= What to produce =
The entire listing below should be output exactly as it stands.

= Material for this exercise =
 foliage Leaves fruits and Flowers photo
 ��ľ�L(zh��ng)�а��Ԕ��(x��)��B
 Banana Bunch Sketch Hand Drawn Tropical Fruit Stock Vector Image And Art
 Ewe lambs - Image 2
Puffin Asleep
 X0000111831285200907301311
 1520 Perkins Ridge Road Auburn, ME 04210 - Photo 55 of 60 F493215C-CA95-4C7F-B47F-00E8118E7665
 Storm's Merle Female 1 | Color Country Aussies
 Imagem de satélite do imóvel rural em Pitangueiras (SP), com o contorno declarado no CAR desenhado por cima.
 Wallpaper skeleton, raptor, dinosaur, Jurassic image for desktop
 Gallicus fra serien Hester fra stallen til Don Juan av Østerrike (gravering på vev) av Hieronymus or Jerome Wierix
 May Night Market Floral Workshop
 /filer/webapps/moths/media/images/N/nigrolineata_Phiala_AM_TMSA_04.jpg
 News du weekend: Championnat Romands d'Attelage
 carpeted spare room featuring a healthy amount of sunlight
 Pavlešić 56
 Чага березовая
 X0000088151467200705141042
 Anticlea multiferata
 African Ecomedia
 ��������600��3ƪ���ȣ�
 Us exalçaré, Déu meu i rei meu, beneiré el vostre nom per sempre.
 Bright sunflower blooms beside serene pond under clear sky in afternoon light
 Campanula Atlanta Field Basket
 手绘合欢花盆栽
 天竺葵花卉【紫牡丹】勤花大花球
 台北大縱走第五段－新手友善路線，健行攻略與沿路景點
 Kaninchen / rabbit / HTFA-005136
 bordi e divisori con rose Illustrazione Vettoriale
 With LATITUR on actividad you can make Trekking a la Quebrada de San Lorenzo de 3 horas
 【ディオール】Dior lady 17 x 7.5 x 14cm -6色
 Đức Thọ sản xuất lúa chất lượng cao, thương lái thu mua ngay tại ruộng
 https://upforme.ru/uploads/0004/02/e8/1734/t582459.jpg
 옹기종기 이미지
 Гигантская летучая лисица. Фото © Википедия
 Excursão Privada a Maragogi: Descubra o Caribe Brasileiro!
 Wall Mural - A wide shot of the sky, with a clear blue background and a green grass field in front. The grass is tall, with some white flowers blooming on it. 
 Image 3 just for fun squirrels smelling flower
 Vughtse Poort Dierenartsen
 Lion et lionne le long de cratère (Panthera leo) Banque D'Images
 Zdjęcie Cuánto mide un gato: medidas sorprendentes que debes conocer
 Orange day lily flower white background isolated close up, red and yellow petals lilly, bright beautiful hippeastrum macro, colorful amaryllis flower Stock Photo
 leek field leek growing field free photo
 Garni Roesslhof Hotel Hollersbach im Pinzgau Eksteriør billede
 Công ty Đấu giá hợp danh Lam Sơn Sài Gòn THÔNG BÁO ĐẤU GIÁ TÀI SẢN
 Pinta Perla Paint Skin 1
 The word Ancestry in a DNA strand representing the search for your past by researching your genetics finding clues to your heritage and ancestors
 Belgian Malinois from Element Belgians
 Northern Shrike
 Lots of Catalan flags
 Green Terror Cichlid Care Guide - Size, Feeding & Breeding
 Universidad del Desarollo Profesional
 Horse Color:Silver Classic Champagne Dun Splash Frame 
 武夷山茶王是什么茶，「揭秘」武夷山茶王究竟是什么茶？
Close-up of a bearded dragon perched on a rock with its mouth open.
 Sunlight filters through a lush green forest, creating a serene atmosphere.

= Reply =
 foliage Leaves fruits and Flowers photo
 ��ľ�L(zh��ng)�а��Ԕ��(x��)��B
 Banana Bunch Sketch Hand Drawn Tropical Fruit Stock Vector Image And Art
 Ewe lambs - Image 2
Puffin Asleep
 X0000111831285200907301311
 1520 Perkins Ridge Road Auburn, ME 04210 - Photo 55 of 60 F493215C-CA95-4C7F-B47F-00E8118E7665
 Storm's Merle Female 1 | Color Country Aussies
 Imagem de satélite do imóvel rural em Pitangueiras (SP), com o contorno declarado no CAR desenhado por cima.
 Wallpaper skeleton, raptor, dinosaur, Jurassic image for desktop
 Gallicus fra serien Hester fra stallen til Don Juan av Østerrike (gravering på vev) av Hieronymus or Jerome Wierix
 May Night Market Floral Workshop
 /filer/webapps/moths/media/images/N/nigrolineata_Phiala_AM_TMSA_04.jpg
 News du weekend: Championnat Romands d'Attelage
 carpeted spare room featuring a healthy amount of sunlight
 Pavlešić 56
 Чага березовая
 X0000088151467200705141042
 Anticlea multiferata
 African Ecomedia
 ��������600��3ƪ���ȣ�
 Us exalçaré, Déu meu i rei meu, beneiré el vostre nom per sempre.
 Bright sunflower blooms beside serene pond under clear sky in afternoon light
 Campanula Atlanta Field Basket
 手绘合欢花盆栽
 天竺葵花卉【紫牡丹】勤花大花球
 台北大縱走第五段－新手友善路線，健行攻略與沿路景點
 Kaninchen / rabbit / HTFA-005136
 bordi e divisori con rose Illustrazione Vettoriale
 With LATITUR on actividad you can make Trekking a la Quebrada de San Lorenzo de 3 horas
 【ディオール】Dior lady 17 x 7.5 x 14cm -6色
 Đức Thọ sản xuất lúa chất lượng cao, thương lái thu mua ngay tại ruộng
 https://upforme.ru/uploads/0004/02/e8/1734/t582459.jpg
 옹기종기 이미지
 Гигантская летучая лисица. Фото © Википедия
 Excursão Privada a Maragogi: Descubra o Caribe Brasileiro!
 Wall Mural - A wide shot of the sky, with a clear blue background and a green grass field in front. The grass is tall, with some white flowers blooming on it. 
 Image 3 just for fun squirrels smelling flower
 Vughtse Poort Dierenartsen
 Lion et lionne le long de cratère (Panthera leo) Banque D'Images
 Zdjęcie Cuánto mide un gato: medidas sorprendentes que debes conocer
 Orange day lily flower white background isolated close up, red and yellow petals lilly, bright beautiful hippeastrum macro, colorful amaryllis flower Stock Photo
 leek field leek growing field free photo
 Garni Roesslhof Hotel Hollersbach im Pinzgau Eksteriør billede
 Công ty Đấu giá hợp danh Lam Sơn Sài Gòn THÔNG BÁO ĐẤU GIÁ TÀI SẢN
 Pinta Perla Paint Skin 1
 The word Ancestry in a DNA strand representing the search for your past by researching your genetics finding clues to your heritage and ancestors
 Belgian Malinois from Element Belgians
 Northern Shrike
 Lots of Catalan flags
 Green Terror Cichlid Care Guide - Size, Feeding & Breeding
 Universidad del Desarollo Profesional
 Horse Color:Silver Classic Champagne Dun Splash Frame 
 武夷山茶王是什么茶，「揭秘」武夷山茶王究竟是什么茶？
Close-up of a bearded dragon perched on a rock with its mouth open.
 Sunlight filters through a lush green forest, creating a serene atmosphere.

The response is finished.